The strongest upper limits on the mass of the neutrino come from cosmology. The Big Bang model predicts that there is a fixed ratio between the number of neutrinos and the number of photons in the cosmic microwave background. If the total mass of all three types of neutrinos exceeded 50 electron volts (per neutrino), there would be so much mass in the universe that it would collapse. This limit can be circumvented by assuming that the neutrino is unstable; however, there are limits within the Standard Model that make this difficult.

However, it is now widely believed that the mass of the neutrino is non-zero. When one extends the Standard Model to include neutrino masses, one finds that massive neutrinos can change type whereas massless neutrinos cannot. This phenomenon, known as neutrino oscillation, explains why there are many fewer electron neutrinos observed from the sun and the upper atmosphere than expected, and has also been directly observed.
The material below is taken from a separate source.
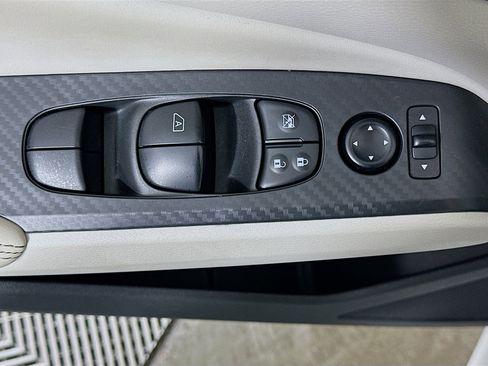 Used 2025 Nissan Altima 2.5 SV image 15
One form of quantum gravity theory, due to Burkhard Heim, made neutrino mass predictions in the 1980s which are still consistent with experiment: ( 0.00381 ev, 0.00537 Mev, 0.010752 Mev) compared to current upper limit of (< 2.5 ev, .< 0.17 Mev, < 18.2 Mev) respectively.

• Human generated.

  Nuclear power stations are the major source of human generated neutrinos. An average plant may generate over 50,000 neutrinos per second. Particle accelerators are another source.

• The Earth.

  Neutrinos are produced as a result of natural background radiation.

• Atmospheric neutrinos.

  Atmospheric neutrinos result from the interaction of cosmic rays with atoms within the Earth's atmosphere, creating showers of particles including neutrinos.

• Solar neutrinos.

  Solar neutrinos originate from the nuclear fusion powering the Sun and other stars.

• Cosmological phenomena.

  Neutrinos are an important product of supernovas. Most of the energy produced in supernovas is radiated away in the form of an immense burst of neutrinos, which are produced when protons and electrons in the core combine to form neutrons. The first experimental evidence of this phenomenon came in the year 1987, when neutrinos coming from the supernova 1987a were detected. In such events, the densities at the core becomes so high (10¹⁴ g/cm³) that interaction between the produced neutrinos and surrounding stellar matter becomes significant. It is thought that neutrinos would also be produced from other events such as the collision of neutron stars.

  Because neutrinos interact so little with matter, it is thought that a supernova's neutrino emissions carry information about the innermost regions of the explosion. Much of the visible light comes from the decay of radioactive elements produced by the supernova shock wave, and even light from the explosion itself is scattered by dense and turbulent gases. Neutrinos, on the other hand, pass through these gases, providing information about the supernova core (where the densities were large enough to influence the neutrino signal). Furthermore, the neutrino burst is expected to reach Earth before any electromagnetic waves, including visible light, gamma rays or radio waves. The exact time delay is unknown, but for a Type II supernova, astronomers expect the neutrino flood to be released seconds after the stellar core collapse, while the first electromagnetic signal may be hours or days later. The SNEWS (http://snews.bnl.gov) project uses a network of neutrino detectors to monitor the sky for candidate supernova events; it is hoped that the neutrino signal will provide a useful advance warning of an exploding star.

• Cosmic background radiation.

  It is thought that the cosmic background radiation left over from the Big Bang includes a background of low energy neutrinos. In the 1980s it was proposed that these may be the explanation for the dark matter thought to exist in the universe. Neutrinos have one important advantage over most other dark matter candidates: we know they exist. However, they also have serious problems. From particle experiments, it is known that neutrinos tend to be hot, i.e. move at speeds close to the speed of light—hence this scenario was also known as hot dark matter. The problem is that being hot and fast moving, the neutrinos would tend to spread out evenly in the universe. This would tend to cause matter to be smeared out and prevent the large galactic structures that we see.